Restate the following entries exactly. Keep the pictures out.

╭─ Data section

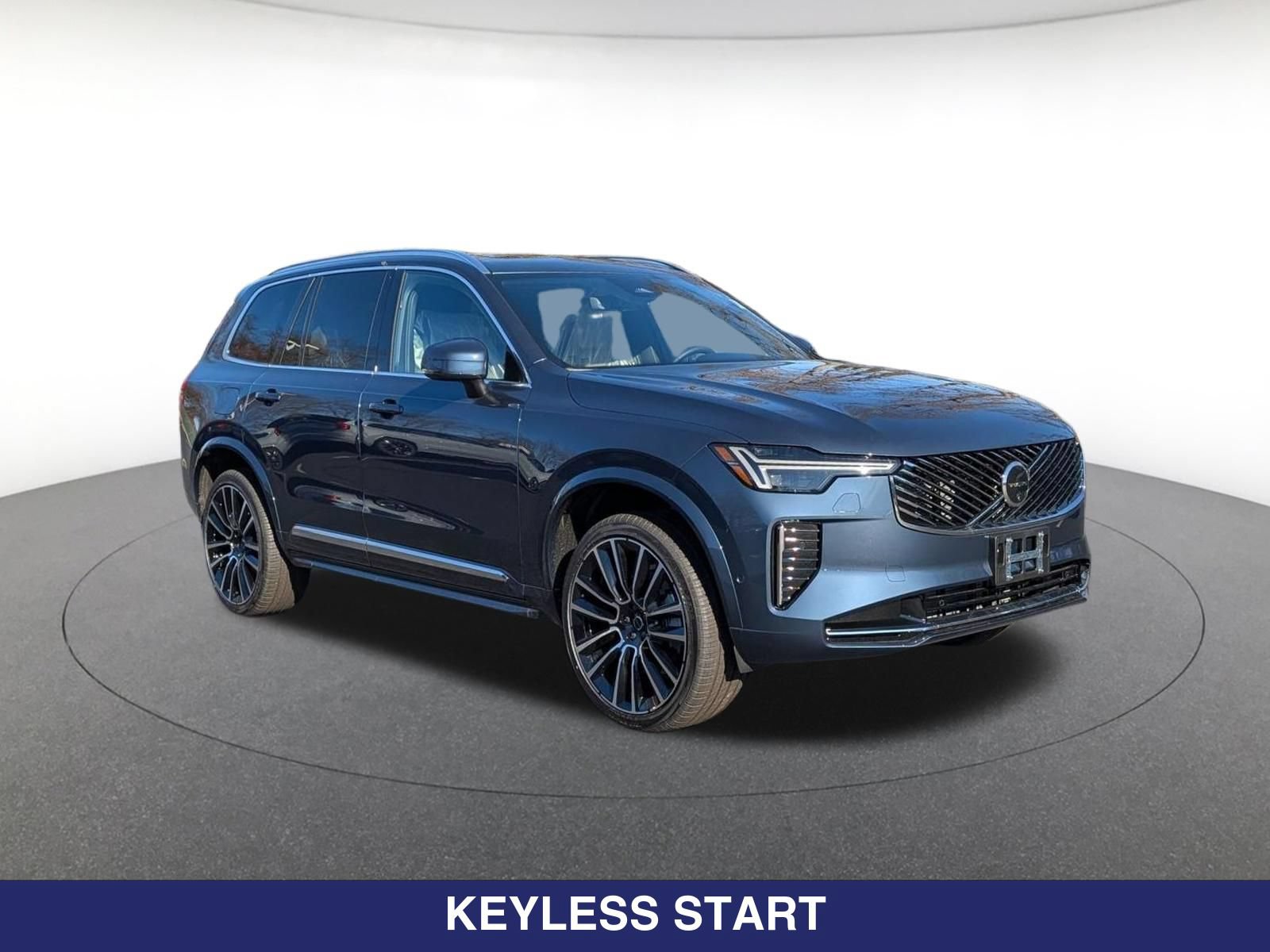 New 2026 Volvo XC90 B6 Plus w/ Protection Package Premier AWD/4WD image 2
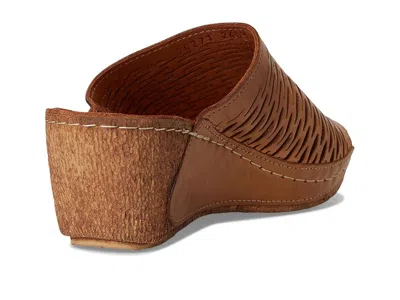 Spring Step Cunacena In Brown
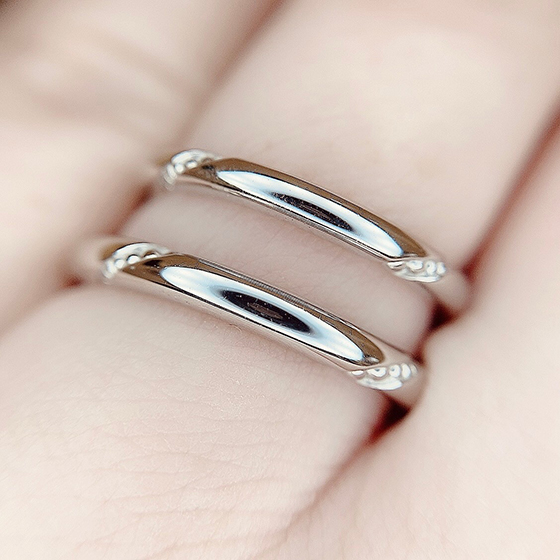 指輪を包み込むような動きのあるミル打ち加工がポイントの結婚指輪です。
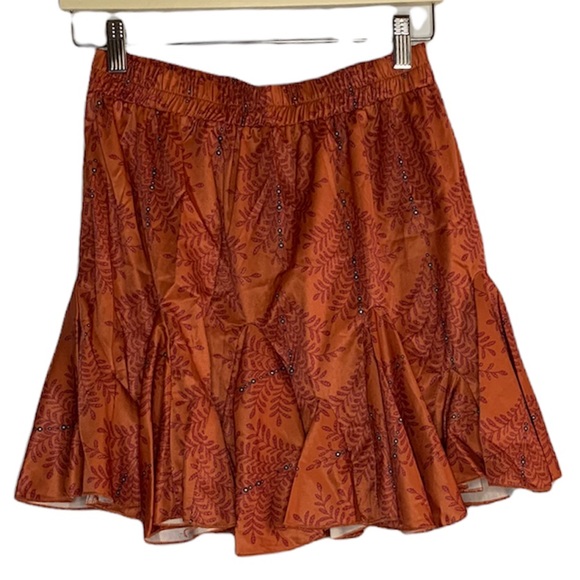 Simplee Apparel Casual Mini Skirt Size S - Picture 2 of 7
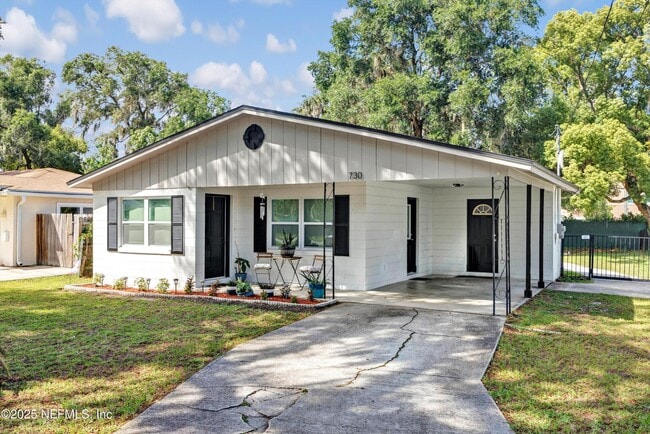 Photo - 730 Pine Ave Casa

╰─

Answer space:
 New 2026 Volvo XC90 B6 Plus w/ Protection Package Premier AWD/4WD image 2
 Spring Step Cunacena In Brown
 指輪を包み込むような動きのあるミル打ち加工がポイントの結婚指輪です。
 Simplee Apparel Casual Mini Skirt Size S - Picture 2 of 7
 Photo - 730 Pine Ave Casa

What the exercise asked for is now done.